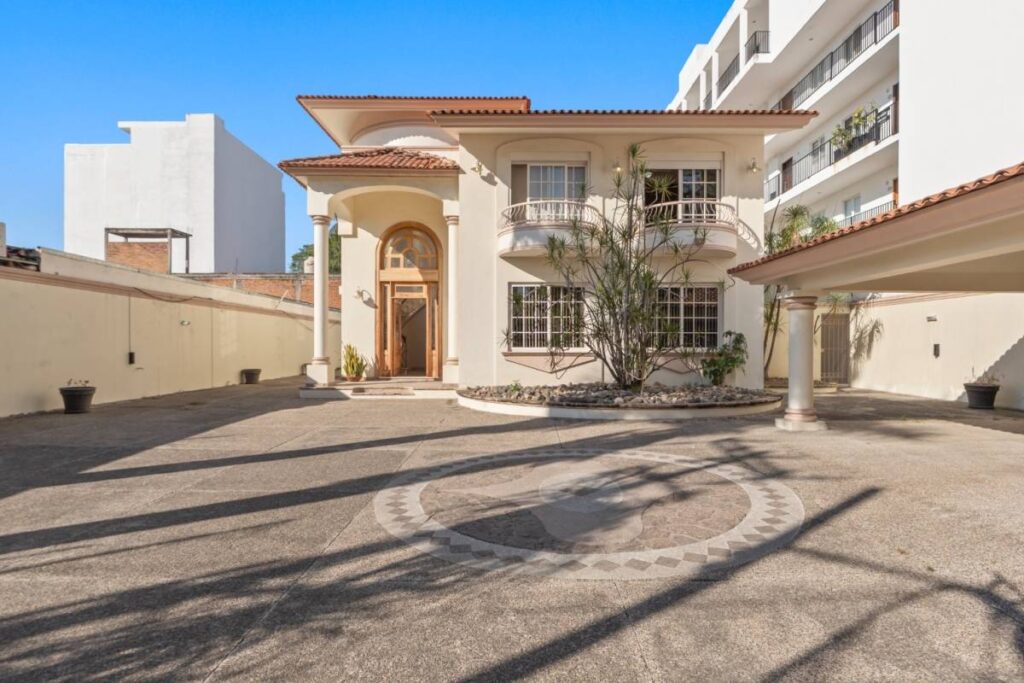 House for Sale in Versalles, Puerto Vallarta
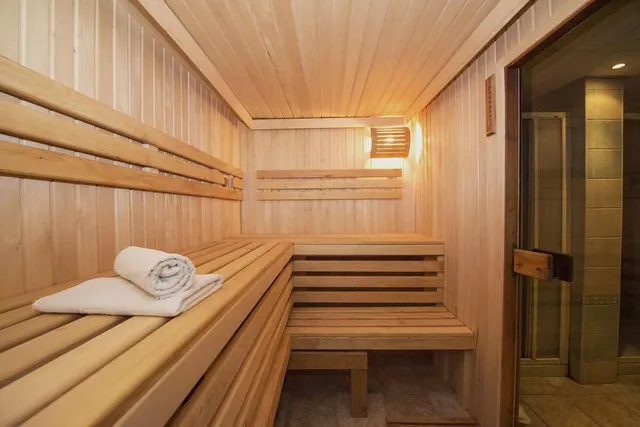PARiS Sauna Complex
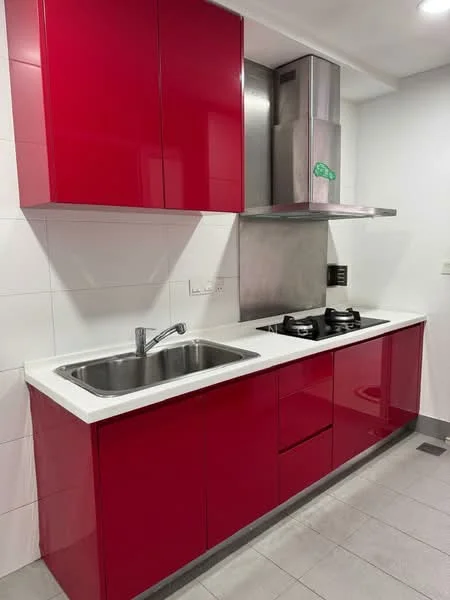 Kitchen features: red high-gloss cabinetry, stainless-steel sink, chrome pull-down faucet, white solid surface countertop, built-in gas hob, stainless-steel range hood, white tiled backsplash, grey tiled flooring; style: modern.
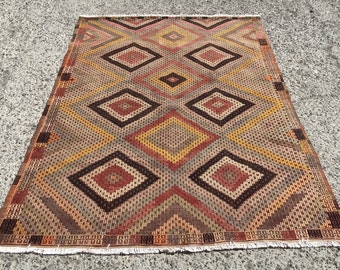 5x7 Vintage Turkish Kilim Rug, Handwoven Organic Wool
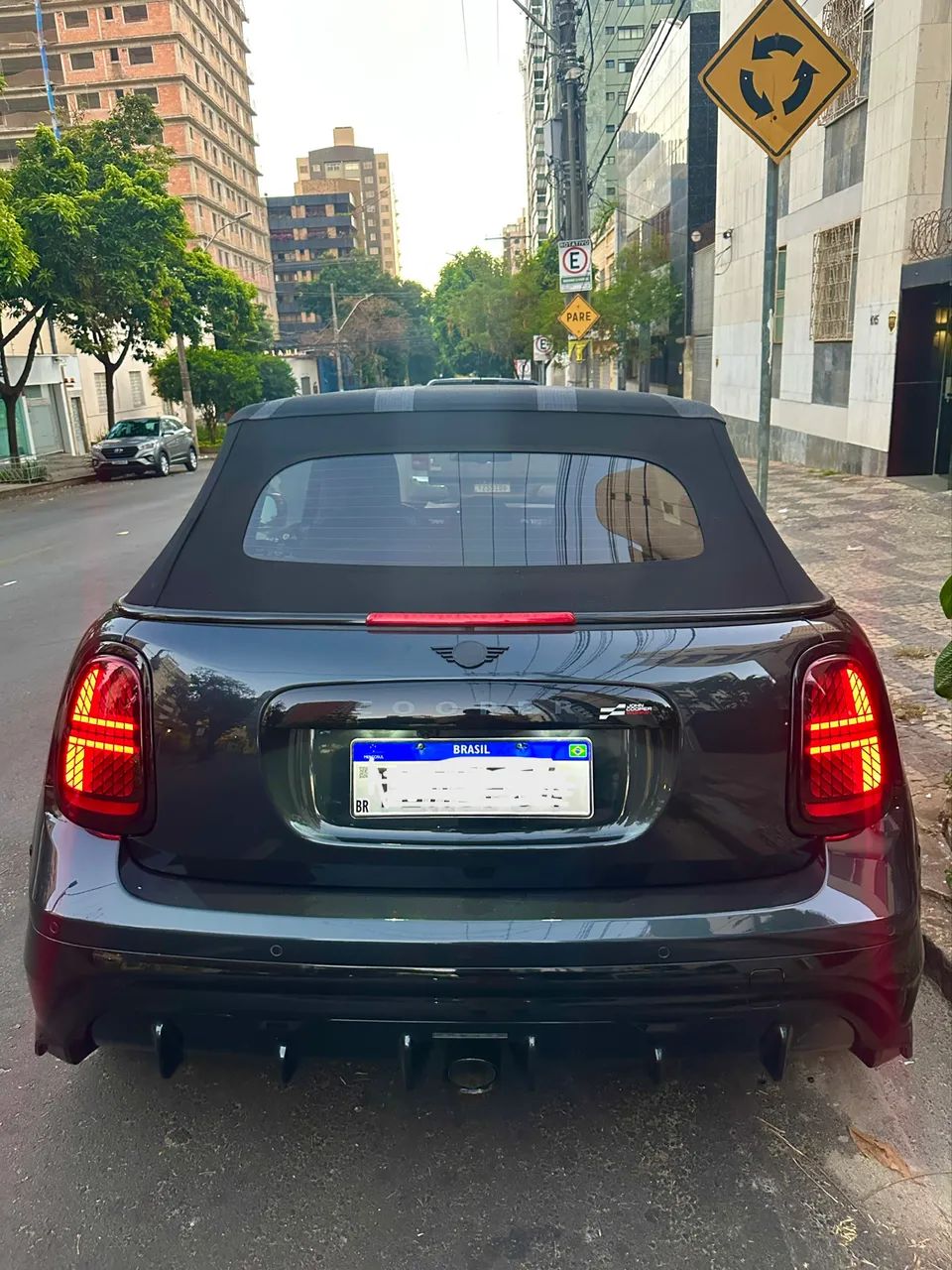 Mini Cooper Cabrio John Works 2.0 Aut. 2025 - Foto 3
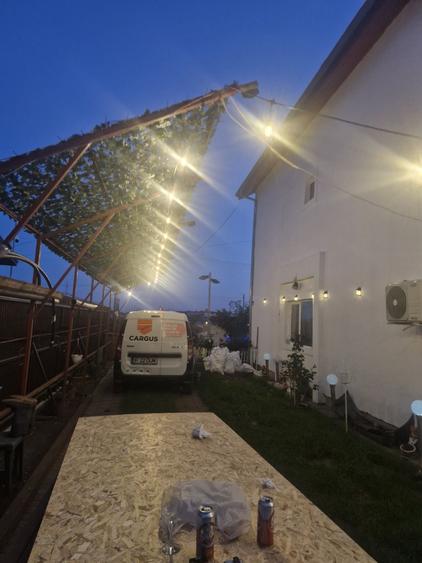 Casă cu 4 camere în Central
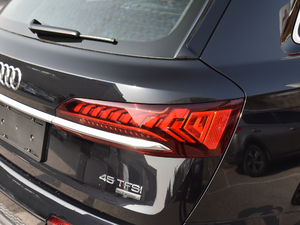 202145 TFSI quattro S line\ ^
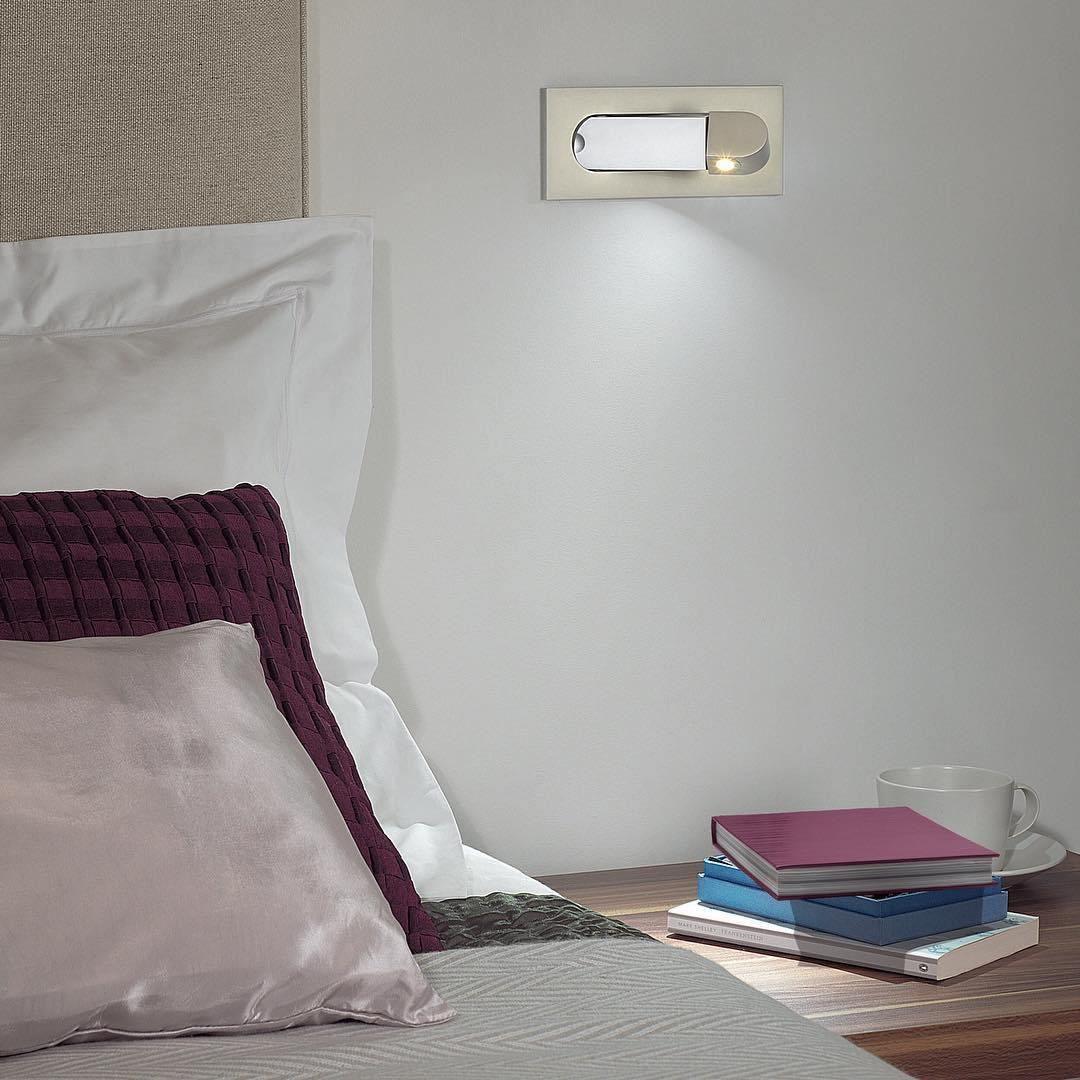 Elyra | Lámpara de pared moderna con LED para mesita de noche con luz ambiental trasera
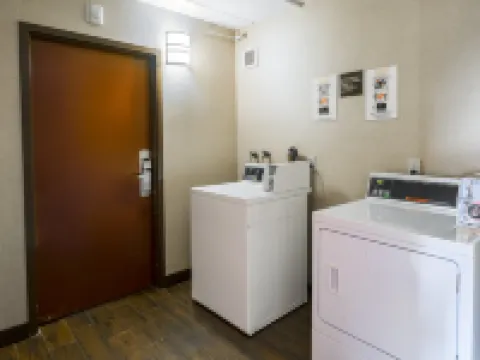 レッド ルーフ  イン プラス + ボストン - ウォーバーン / バーリントン ウォバーンのホテル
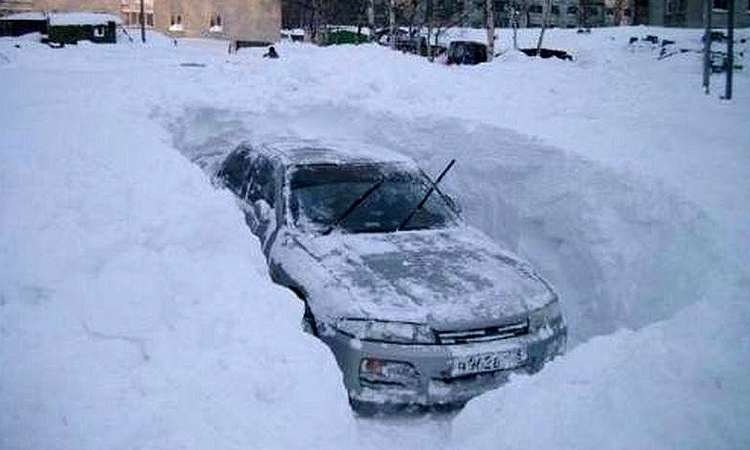 Автовладельцы Минска заплатят за уборку снега вокруг машин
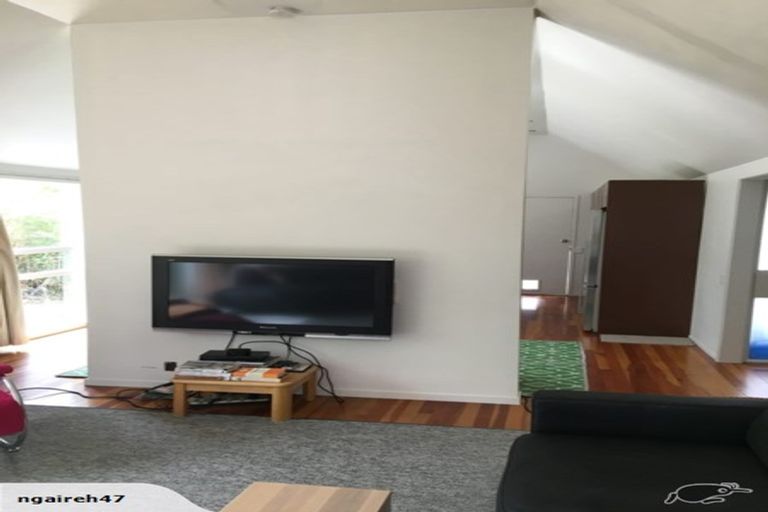 Photo of property in 22 Paramu Avenue, Birkdale, Auckland, 0626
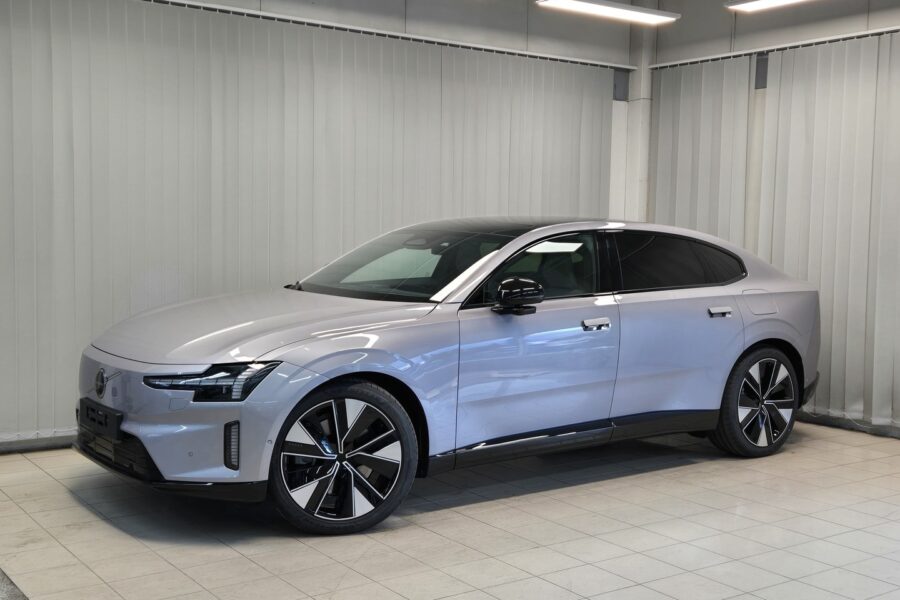 Volvo ES90, image 2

========

Task instructions
Copy exactly the lines from the line holding "Casă cu 4 camere în Central" to the final line of the listing, and leave the pictures out.

Written solution
 Casă cu 4 camere în Central
 202145 TFSI quattro S line\ ^
 Elyra | Lámpara de pared moderna con LED para mesita de noche con luz ambiental trasera
 レッド ルーフ  イン プラス + ボストン - ウォーバーン / バーリントン ウォバーンのホテル
 Автовладельцы Минска заплатят за уборку снега вокруг машин
 Photo of property in 22 Paramu Avenue, Birkdale, Auckland, 0626
 Volvo ES90, image 2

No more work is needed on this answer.